US aluminium castings producer Eck Industries and Canada's Imperial Mining are building prototypes for a battery box for electric vehicles (EVs) made from a high-strength scandium-modified aluminium alloy, potentially opening up a significant new end-use market for scandium.
Imperial began working with Eck in May to investigate adding critical mineral scandium to a widely available commercial alloy known as AlMag, or alloy 535 — a lightweight aluminium alloy that contains 7pc magnesium. Eck already uses AlMag in several of its commercial products for the automotive sector. Adding scandium increases the yield strength, opening up new structural applications in the high-growth EV market.
Castings have not been seen as an obvious route for developing the use of scandium in alloys. "While this is true in some cast alloys it is not universally true," Eck vice-president for research and development David Weiss said. "This work, entailing innovative casting methods and heat treatment, lays the groundwork for additional improvement in cast alloys".

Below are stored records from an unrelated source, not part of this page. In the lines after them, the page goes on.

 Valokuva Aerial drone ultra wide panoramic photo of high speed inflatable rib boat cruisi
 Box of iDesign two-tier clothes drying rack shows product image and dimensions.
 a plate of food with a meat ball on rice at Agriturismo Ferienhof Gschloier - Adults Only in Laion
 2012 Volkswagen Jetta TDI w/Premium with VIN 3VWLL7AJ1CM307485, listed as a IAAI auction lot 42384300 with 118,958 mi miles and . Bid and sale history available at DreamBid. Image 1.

Part of the appeal of castings technology is that it makes it possible to produce extremely complex parts at a lower cost.

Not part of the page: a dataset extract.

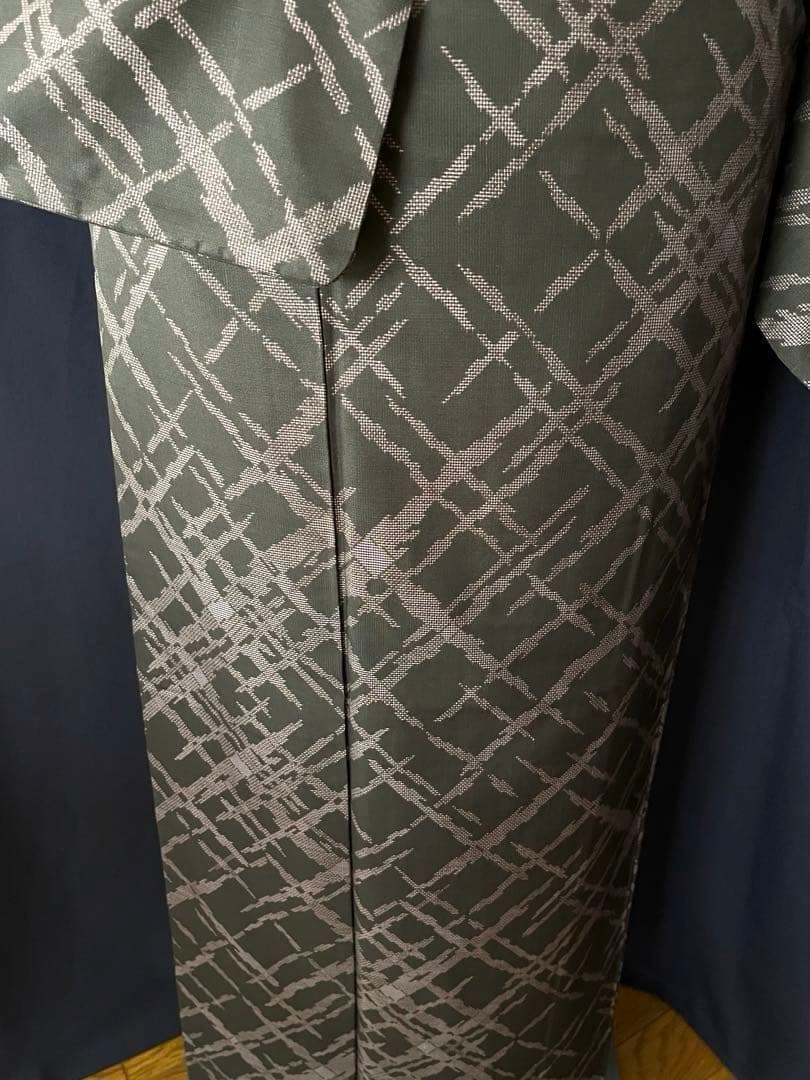 【本場大島紬・名古屋帯セット】　スタイリッシュ　 本泥染め9マルキ　吉祥文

"The test data show that we have met or exceeded the material properties requirements for EV battery boxes for a major North American automotive manufacturer," Imperial chief executive Peter Cashin said. "We will now begin working with Eck on prototyping components."
The potential of aluminium-scandium alloys for the aerospace and transportation sector has been understood for decades, but never commercialised outside the defence sector. Instead, scandium developed niche applications in electronics, lasers, sporting equipment and, more recently, in clean energy. The main development barrier has been the lack of a clear path to the supply growth and the production cost transparency needed for bigger applications. Until recently, scandium was only produced in small quantities as a by-product from mining operations in Asia-Pacific and Russia. But a major investment by UK-Australian mining company Rio Tinto, which built a 3 t/yr demonstration scandium oxide plant in Quebec this year, has increased interest in all the potential applications.
Rio Tinto sold the first batch of scandium-aluminium alloy billet produced at its plant in Sorel-Tracy to Australian additive manufacturer and developer Amaero in March. Amaero is processing it into 3D printing powder for its high operating temperature Amaero Al alloy for lightweight applications.